„Wie ist diese Idee für diese Institution entstanden?“
Initiant und Gründer dieses Pilotprojektes ist der Dipl. Sozialpädagoge und Dipl. Supervisor René H. Bartl. Auf privater Basis hat er eine Stiftung und eine Institution aufgebaut, welche zeitgemäss und ohne jegliche Subventionen als soziales Unternehmen geführt wird.

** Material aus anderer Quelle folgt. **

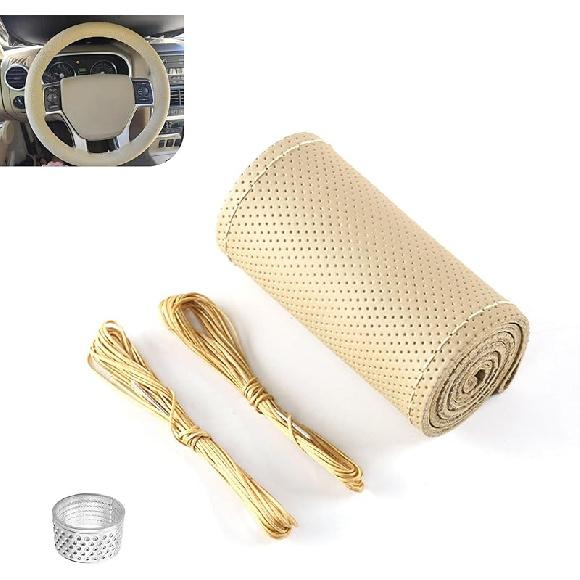 Leather Steering Wheel Cover, 15 Inch Hand Sewing Steering Wheel Wrap, Anti Slip Car Steering Wheel Protector Covers, DIY Sewing with Needle Thread, beige-hole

Nach 22 Jahren Mitarbeit an der Basis in drei Heimen (Gruppenleiter, Erziehungsleiter, Heimleiter Stv. und Heimleiter) und freiberuflicher beraterischer und ausbildnerischer Tätigkeit seit 1987 reagiert er mit diesem Pilotprojekt auf die zunehmenden Ausschlüsse von Jugendlichen (aus Familien, Schulen, Heimen, Kliniken, etc.).
Am 1. September 2003 hat er, nach zweijähriger Vorbereitungszeit, mit einem sehr motivierten und kompetenten Team die «WG-Guggisberg 77B» eröffnet. Dazu hat er sein ehemaliges Tagungs- und Studienzentrum entsprechend umgewandelt.
Ausschlag gebend für sein Engagement war eine Gesetzgebung (Bundesgerichtsentscheid von 2001), die öffentliche Schulen legitimiert hat, SchülerInnen für drei Monate aus ihren Schulen auszuschliessen. Obschon zunehmend mit kurzfristigen Projekten versucht wird, die Jugendlichen und die oftmals auch resignierten Eltern an ihre Pflicht zu erinnern, sind Ausschlüsse nicht zu verhindern. Die Zahl der Ausschlüsse nimmt ebenso wie die Verwahrlosung und die Gewaltbereitschaft laufend zu. Die Schulverantwortlichen versuchen sehr viel um diese zu verhindern, leider oft erfolglos. In der Regel ist eine Rückkehr derart stigmatisierter Jugendlicher in die Herkunftsschule eine Illusion.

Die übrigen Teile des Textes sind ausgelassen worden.